At the same time, though, I can see the academics in the crowd with their blinders on. It really is hard to let go of advanced soil testing and relying on the numbers to guide your way, so when someone is saying to spend more time paying attention to the physical signs in the field – a well-developed rhizosheath, for instance, or taller growth, or reduced livestock disease – you’re still inclined to come back with a hearty wail for “More data, please!”. On the other hand, if you’re a practitioner you want the evidence, too, so that you can rely on the recommendations enough to trust that the physical signs are telling you what you think they are – that your soil is building, retaining more water; that there’s more biological diversity, better functioning, and greater resilience to drought than there was before employing a recommended practice.

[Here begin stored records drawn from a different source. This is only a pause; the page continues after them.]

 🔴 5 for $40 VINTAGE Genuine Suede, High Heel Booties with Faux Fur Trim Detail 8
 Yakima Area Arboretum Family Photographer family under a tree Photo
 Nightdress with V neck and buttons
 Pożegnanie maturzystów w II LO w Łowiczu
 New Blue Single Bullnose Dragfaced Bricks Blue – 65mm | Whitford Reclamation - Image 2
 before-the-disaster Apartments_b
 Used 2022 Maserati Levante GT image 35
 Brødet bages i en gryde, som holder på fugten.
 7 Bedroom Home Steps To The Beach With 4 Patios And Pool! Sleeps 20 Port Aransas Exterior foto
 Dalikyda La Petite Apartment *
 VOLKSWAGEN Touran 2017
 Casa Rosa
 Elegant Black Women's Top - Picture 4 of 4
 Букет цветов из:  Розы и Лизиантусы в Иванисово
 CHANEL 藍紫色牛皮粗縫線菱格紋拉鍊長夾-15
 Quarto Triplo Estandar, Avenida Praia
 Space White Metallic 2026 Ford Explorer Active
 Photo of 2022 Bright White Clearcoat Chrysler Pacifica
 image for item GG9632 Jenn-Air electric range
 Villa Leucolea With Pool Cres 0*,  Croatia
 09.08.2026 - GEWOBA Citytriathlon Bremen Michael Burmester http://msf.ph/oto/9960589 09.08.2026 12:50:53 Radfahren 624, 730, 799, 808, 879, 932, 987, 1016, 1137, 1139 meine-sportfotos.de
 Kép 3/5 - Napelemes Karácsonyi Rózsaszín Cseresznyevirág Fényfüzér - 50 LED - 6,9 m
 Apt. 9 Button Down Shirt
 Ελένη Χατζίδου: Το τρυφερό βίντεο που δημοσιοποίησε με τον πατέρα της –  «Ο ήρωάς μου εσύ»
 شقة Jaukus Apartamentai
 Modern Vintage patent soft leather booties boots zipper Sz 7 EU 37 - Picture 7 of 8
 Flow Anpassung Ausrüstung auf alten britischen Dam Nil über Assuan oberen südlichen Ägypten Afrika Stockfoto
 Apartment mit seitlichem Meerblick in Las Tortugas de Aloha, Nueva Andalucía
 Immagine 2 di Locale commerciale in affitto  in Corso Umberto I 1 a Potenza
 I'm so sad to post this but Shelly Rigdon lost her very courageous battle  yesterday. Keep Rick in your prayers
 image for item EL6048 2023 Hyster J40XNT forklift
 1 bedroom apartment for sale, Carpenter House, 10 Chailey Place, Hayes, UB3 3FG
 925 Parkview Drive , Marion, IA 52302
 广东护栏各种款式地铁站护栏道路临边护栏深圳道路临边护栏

What irks me is when, from either side, the response is first critical, without going back to the research, or saying, “Well, maybe – that’s an interesting finding”. And then going looking for evidence. We easily fall back on the data and research we know, on what we’ve already read and the pictures we’ve previously formed in our minds. It becomes incredibly difficult to change perspective, especially when you see someone with your level of education and even experience, having more fun, making more money, and getting better results than you do.
(That’s why we need to be more aware of our mental models… which maybe I’ll remember to explore in some future writing piece).